2. When we run windowed scrapes, we scrape all events and bills with timestamps within _or after_ the given window. This is because upcoming events and bills are the ones that are most likely to change. For example, a scrape with a one-hour window will scrape any events that have changed in the past hour, plus any events with a future start date. Here is [a complete list of the timestamps we consider](https://docs.google.com/document/d/1LjZ61g4s-eiP-aWo4GVoOv27SF7iZ8npLV6Gg9b_BsI/edit?usp=sharing) when scraping events and bills.

Taken together, these strategies _should_ ensure that any change appears on the Metro site within an hour of being made, however edge cases can happen!

To determine whether timestamps are causing the problem, follow [our documentation for viewing an entity](#view-an-entity-in-the-councilmatic-database) to ascertain when an entity was last updated in the Councilmatic database and compare it to [the timestamps we consider](https://docs.google.com/document/d/1LjZ61g4s-eiP-aWo4GVoOv27SF7iZ8npLV6Gg9b_BsI/edit?usp=sharing) in windowed scrapes. If the entity has not been updated in Councilmatic since the latest timestamp in the Legistar API, trigger a broader scrape.

#### Deeper problems

If the scrapes and ETL pipeline are running as expected, but data is missing, then there is a deeper issue. A good first question: What are the most recent changes in the scraper codebase? Could this have caused unusual behavior?

The scrapers work through the cooperation of several repos, and the bug fix may require investigating one or more of these repos.
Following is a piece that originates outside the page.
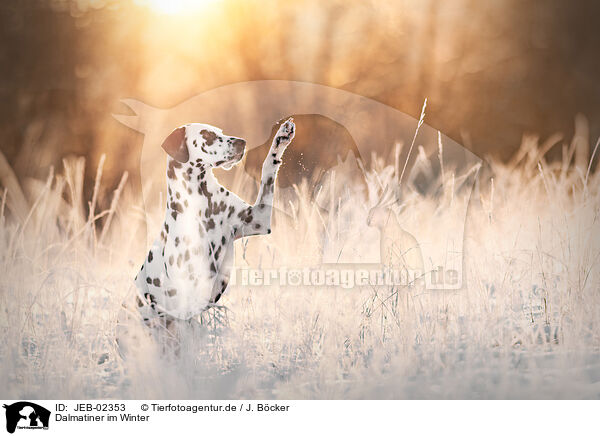 Dalmatiner im Winter / JEB-02353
- [`Metro-Records/scrapers-lametro`](https://github.com/Metro-Records/scrapers-lametro) contains Metro-specific code for the `Bill`, `Event`, and `Person` scrapers. If you need to patch the scraper code, create a PR against this repo.
- [`Metro-Records/la-metro-dashboard`](https://github.com/Metro-Records/la-metro-dashboard) is the Airflow app that schedules scrapes and the scripts that define them. If you need to change the scheduling of scrapes, create a PR against this repo.
- [`opencivicdata/python-legistar-scraper/tree/master/legistar`](https://github.com/opencivicdata/python-legistar-scraper/tree/master/legistar) contains the `LegistarScraper` and `LegistarAPIScraper` variants, from which the Metro scrapers inherit. If you need to patch the Legistar scraping code, create a PR against this repo.
- All scrapers depend on [the `pupa` framework](https://github.com/opencivicdata/pupa) for scraping and importing data using the OCD standard. In the unlikely event that you need to patch `pupa`, create a fork, then submit a PR against this repo.

### Data is incorrect

#### Legistar contains the wrong data

Data issues can occur when the Legistar API or web interface displays the wrong information. This generally happens when Metro staff enters information that is incorrect or is organized differently than our scraper expects.

If Metro reports that data is incorrect, follow [our documentation for viewing an entity](#view-an-entity-in-the-councilmatic-database) to inspect the problematic object and view its sources in the Legistar API. If the erroneous data matches the API sources, report the error the Metro and wait for them to resolve the issue or clarify how to interpret the data.

#### Metro has deleted data from Legistar

`pupa`, our scraping framework, [doesn't know how to identify information that has been deleted](https://github.com/opencivicdata/pupa/issues/295). Sometimes, we scrape information that Metro later removes.

If this happens for a bill, event, or membership, shell into the server and remove the erroneous entity through
the ORM. N.b., it's easiest to get at this through the relevant person, e.g.,

```python
from lametro.models import *
LAMetroPerson.objects.get(family_name='Mitchell')
<LAMetroPerson: Holly Mitchell>
LAMetroPerson.objects.get(family_name='Mitchell').memberships.filter(organization__name__endswith='Committee')
<QuerySet [<Membership: Holly Mitchell in Operations, Safety, and Customer Experience Committee (Member)>, <Membership: Holly Mitchell in Finance, Budget and Audit Committee (Member)>]>
LAMetroPerson.objects.get(family_name='Mitchell').memberships.filter(organization__name__endswith='Committee').count()
2
LAMetroPerson.objects.get(family_name='Mitchell').memberships.filter(organization__name__endswith='Committee').delete()
(2, {'lametro.Membership': 2})
```

#### Deeper issues

Sometimes, there is not a problem with the data, but rather there is an error in how it is displayed in the Metro Councilmatic instance. This class of issues is generally very rare. As with deeper issues with the scrapers, a helpful first question is: What are the most recent changes, and could they be the source of the problem you're seeing?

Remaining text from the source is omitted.